Comment 2 Santosh Pillai 2022-05-31 07:05:13 UTC

Possible root cause:

2022-05-30 11:38:45.089458 I | clusterdisruption-controller: all "zone" failure domains: [us-east-1a us-east-1b us-east-1c]. osd is down in failure domain: "". active node drains: false. pg health: "cluster is not fully clean. PGs: [{StateName:active+clean Count:1305} {StateName:active+recovery_wait+undersized+degraded+remapped Count:6} {StateName:active+recovering+undersized+remapped Count:2}]"
2022-05-30 11:39:16.400384 I | clusterdisruption-controller: all PGs are active+clean. Restoring default OSD pdb settings
2022-05-30 11:39:16.400402 I | clusterdisruption-controller: creating the default pdb "rook-ceph-osd" with maxUnavailable=1 for all osd
2022-05-30 11:39:16.431569 I | clusterdisruption-controller: deleting temporary blocking pdb with "rook-ceph-osd-zone-us-east-1a" with maxUnavailable=0 for "zone" failure domain "us-east-1a"
2022-05-30 11:39:16.437856 I | clusterdisruption-controller: deleting temporary blocking pdb with "rook-ceph-osd-zone-us-east-1b" with maxUnavailable=0 for "zone" failure domain "us-east-1b"
2022-05-30 11:39:16.442985 I | clusterdisruption-controller: deleting temporary blocking pdb with "rook-ceph-osd-zone-us-east-1c" with maxUnavailable=0 for "zone" failure domain "us-east-1c"
2022-05-30 11:39:16.454078 I | clusterdisruption-controller: reconciling osd pdb reconciler as the allowed disruptions in default pdb is 0
2022-05-30 11:39:47.696835 I | clusterdisruption-controller: all "zone" failure domains: [us-east-1a us-east-1b us-east-1c]. osd is down in failure domain: "". active node drains: false. pg health: "cluster is not fully clean.
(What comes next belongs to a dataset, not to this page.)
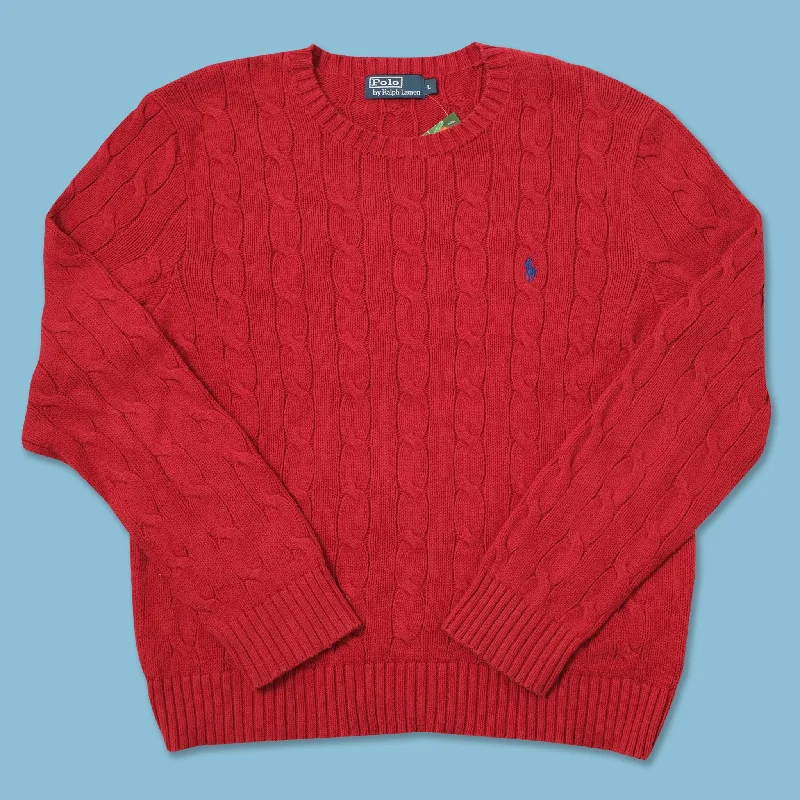- Cat anti-jump window safety netVintage Polo Ralph Lauren Knit Sweater Large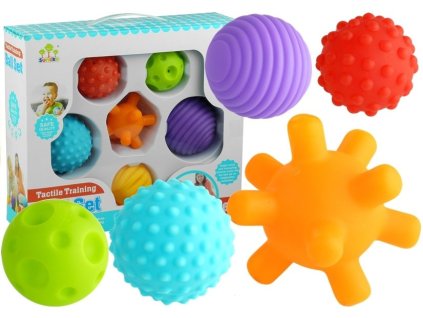 Sada Senzačních Míčků Pro Batole 6 Kusů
PGs: [{StateName:active+clean Count:1312} {StateName:active+recovering+remapped Count:1}]"

`11:39:16.400384` suggests that all the pgs were active+clean. So default PDB with `maxUnavailable=1` (allowedDiruption=1) was created and temporary blocking PDBs were removed.

But right after that, `11:39:16.454078` suggests that `AllowedDisruptions` in the OSD PDB resource is 0.
So either
1. The PDB took some time to update the `AllowedDisruption` value back to 1.
2. Or an OSD went down temporarily for a very small duration of time

IMO, `1` is mostly likely to happen than `2`.

As a result, another the controller reconciled again. `11:39:47.696835` suggests that PGs were not acive+clean during this reconcile. So it added `no-out` flag on the failure domain `us-east-1a`

```
ceph osd dump -f json

"crush_node_flags":{"us-east-1a":["noout"]},"device_class_flags":{},"stretch_mode":{"stretch_mode_enabled":false,"stretch_bucket_count":0,"degraded_stretch_mode":0,"recovering_stretch_mode":0,"stretch_mode_bucket":0}}

```

As a result of this flag we are seeing this warning message in ceph status.

Workaround:
Manually unset the flag:

`ceph osd unset noout us-east-1a`

This looks like negative case and won't be reproducible every time. So not a blocker and lower priority, IMO.
But should be handled in rook.

Comment 3 Santosh Pillai 2022-05-31 14:05:12 UTC

(In reply to Santosh Pillai from comment #2)

> 
> Workaround: 
> Manually unset the flag:
>  
> `ceph osd unset noout us-east-1a`


The correct command is `ceph osd unset-group noout us-east-1a` 
> 
> This looks like negative case and won't be reproducible every time. So not a
> blocker and lower priority, IMO. 
> But should be handled in rook.

Comment 4 Sahina Bose 2022-06-01 04:36:04 UTC

Seems like a candidate for an SOP @ykukreja

Comment 5 Yashvardhan Kukreja 2022-06-21 07:20:19 UTC

Hi Sahina, 
I agree that this would be worth-tracking via an SOP.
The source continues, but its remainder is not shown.